В женщинах ценилась способность быть fine – утонченными, pleasing – приятными, charming – очаровательными, не возбранялось быть an air of decided fashion – одетыми по последней моде.
Не менее важно было прослыть agreeable, что означает: приятный, милый, охотно выражающий готовность сделать что-либо, общественно активный. Собственно, этого достаточно для того, чтобы вызвать симпатии новых соседей. Именно эти качества – любезность, обходительность и сдержанный энтузиазм – незаменимы для того, чтобы с успехом выполнять свою роль в светском обществе, занятом исключительно обустройством браков и поиском способов бессодержательно, но интересно провести время. Этот эталон светскости не меняется с ходом лет или с переменой географических координат. Учебник светского этикета, вышедший в России сто лет спустя, дает такие характеристики светского человека:
«Для того чтобы быть приятным членом общества, нужно обладать крепким здоровьем, ровным веселым характером, помогающим легко переносить многочисленные и разнообразные неудобства деревенской жизни».
«В общественной жизни ровное и всегда дружелюбное расположение может считаться светской добродетелью, заменяющей нередко красоту, таланты и даже ум. Что может быть несноснее гостя меланхолического, своенравного, причудливого! Это живая пытка для бедных хозяев, которые не будут знать, чем угодить ему и чем развеселить его. Крайне тяжелы также сосредоточенные молодые люди, предающиеся одной любимой идее и считающие, что все другое недостойно их внимания».

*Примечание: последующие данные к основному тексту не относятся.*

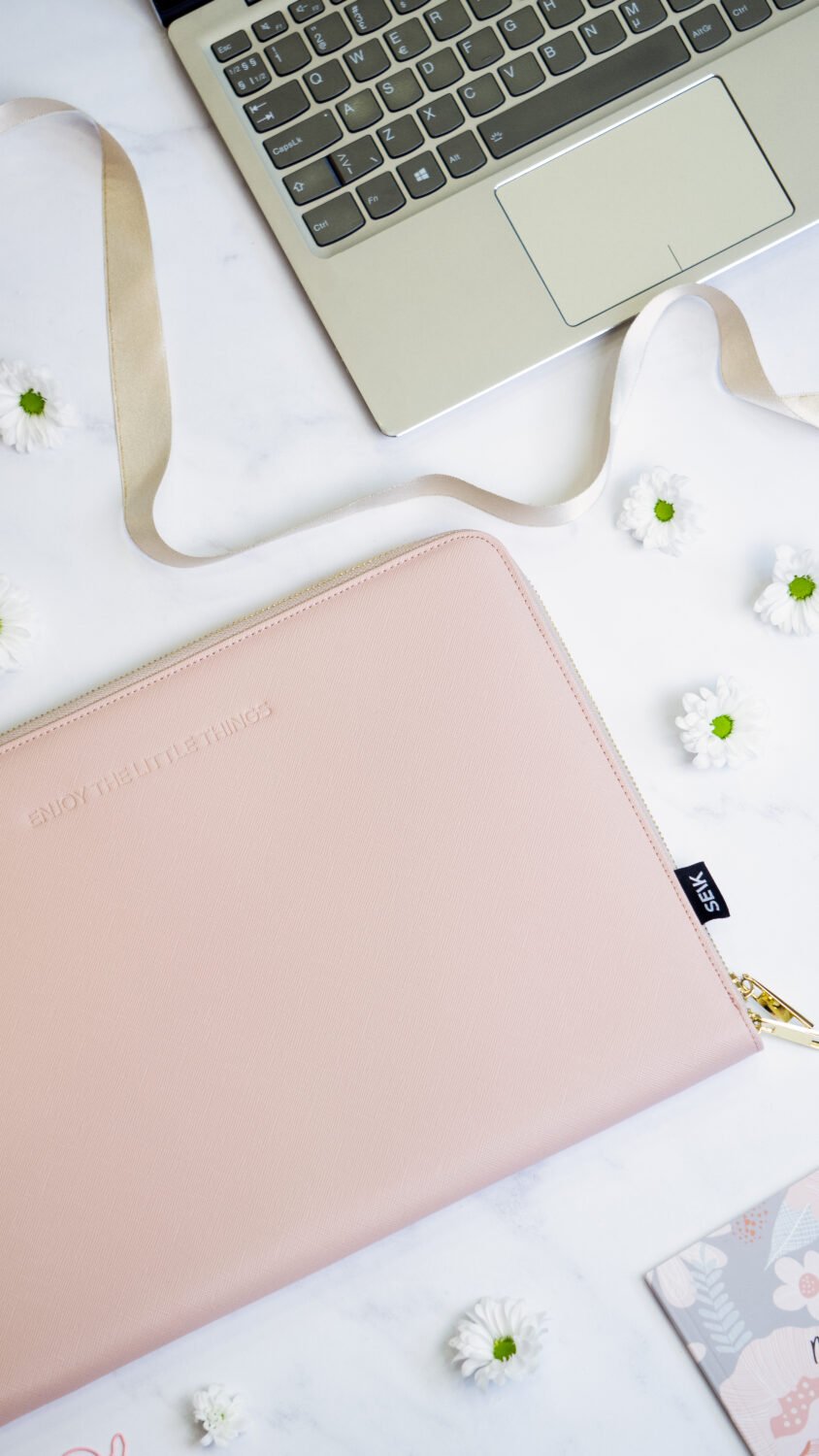 11. SEIK pink laptop sleeve on a desk with floral accents and a laptop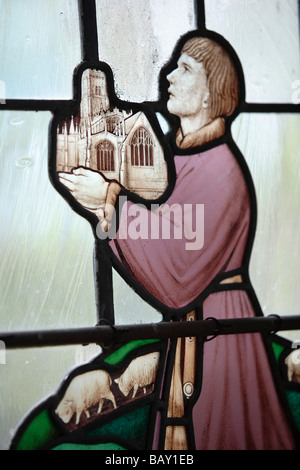 Il vetro macchiato immagine di un mercante di lana tenendo la lana la chiesa di San Pietro e San Paolo, Northleach, Gloucestershire, Regno Unito Foto Stock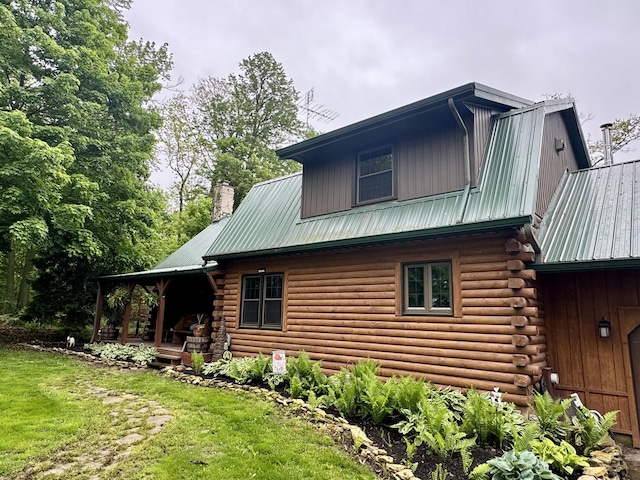 18866 Weimert School Rd, Wapakoneta, OH 45895 - view of side of home with metal roof, a chimney, log siding, and a lawn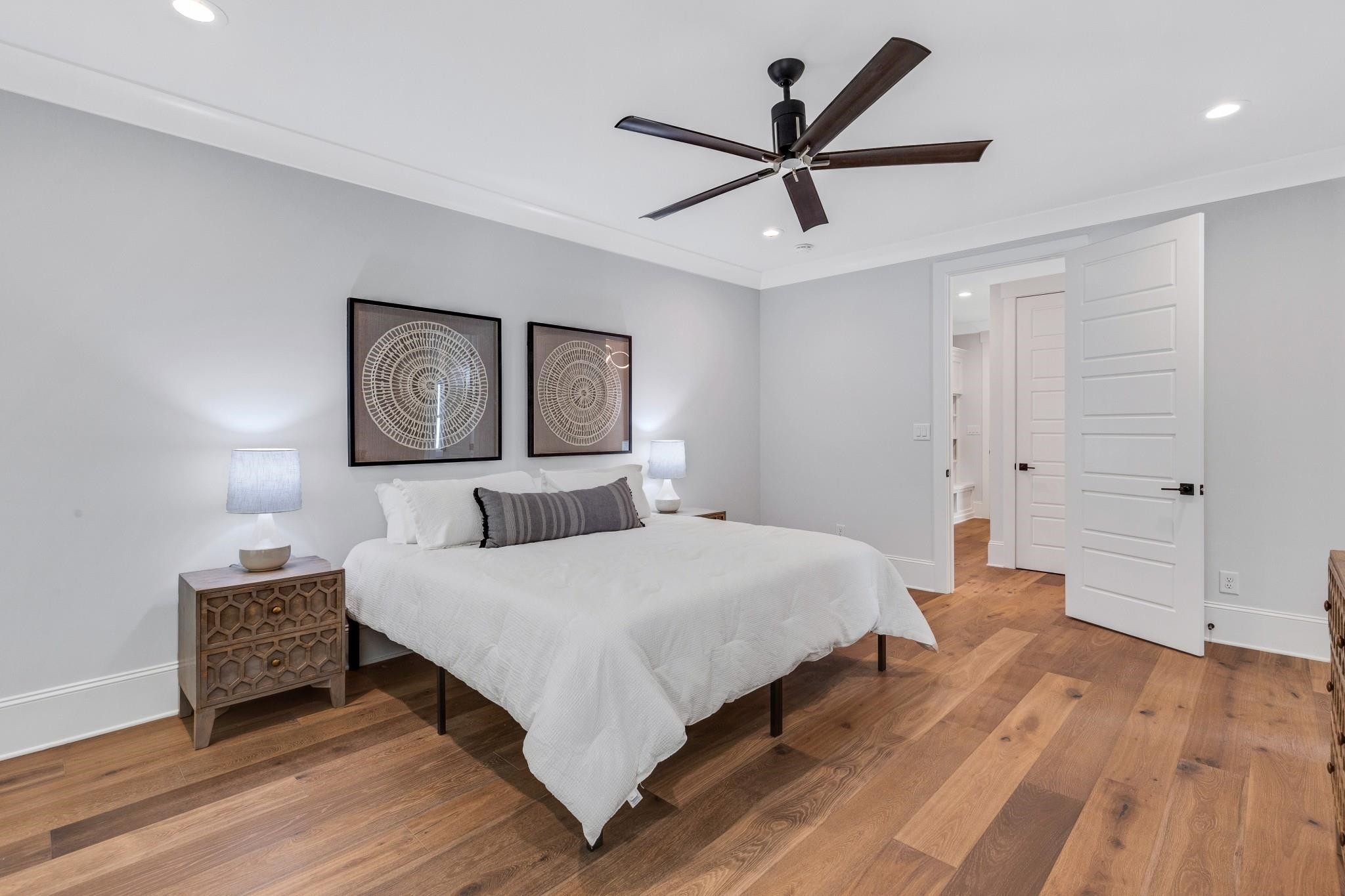 115 Crestview Road Raleigh, NC 27609 - Photo 19 of 42 a bedroom with a large bed a lamp and a chandelier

Определение вовсе не такое невинное, каким может показаться на первый взгляд. Ведь, если следовать ему, получается, что все неравнодушные, увлеченные, склонные к серьезным размышлениям люди нежелательны и неприятны в светских гостиных. В этом нет ничего страшного, если у этих людей есть иное место для того, чтобы поговорить на серьезные темы – дружеский кружок, университетская аудитория, на худой конец – форум в интернете. Но у общества, описанного Джейн Остин, такой возможности просто нет. Светская жизнь – это единственный образ жизни, который им доступен. И если мужчина еще может поступить в университет, отправиться в путешествие, вступить в масонскую ложу, то для женщины гостиная и бальный зал являются альфой и омегой – она должна устроить свою судьбу, «свить гнездо», и у нее нет времени отвлекаться на что-либо иное.
На сколько же баллов Джейн «тянула» по этой шкале?
Была ли она handsome? Во всяком случае, она не была явно и подчеркнуто некрасива. С портрета, сделанного с прижизненного наброска сестры, на нас смотрит миловидное округлое лицо, обрамленное черными локонами. У нее высокий лоб, прямой нос, тонкие губы. Но больше всего привлекают внимание глаза. Мы сразу вспоминаем знаменитое описание глаз Элизабет Беннет, сделанное уже влюбленным, но еще не осознавшим этого Дарси: «Едва он убедил своих друзей, что в ее лице нет ни одной правильной черты, он вдруг заметил, что в ее темных глазах светится необычный для женщины ум и что благодаря этому они кажутся весьма красивыми и выразительными». Взглянув еще раз на портрет, мы можем согласиться: да, пожалуй, то же можно сказать и о глазах мисс Остин.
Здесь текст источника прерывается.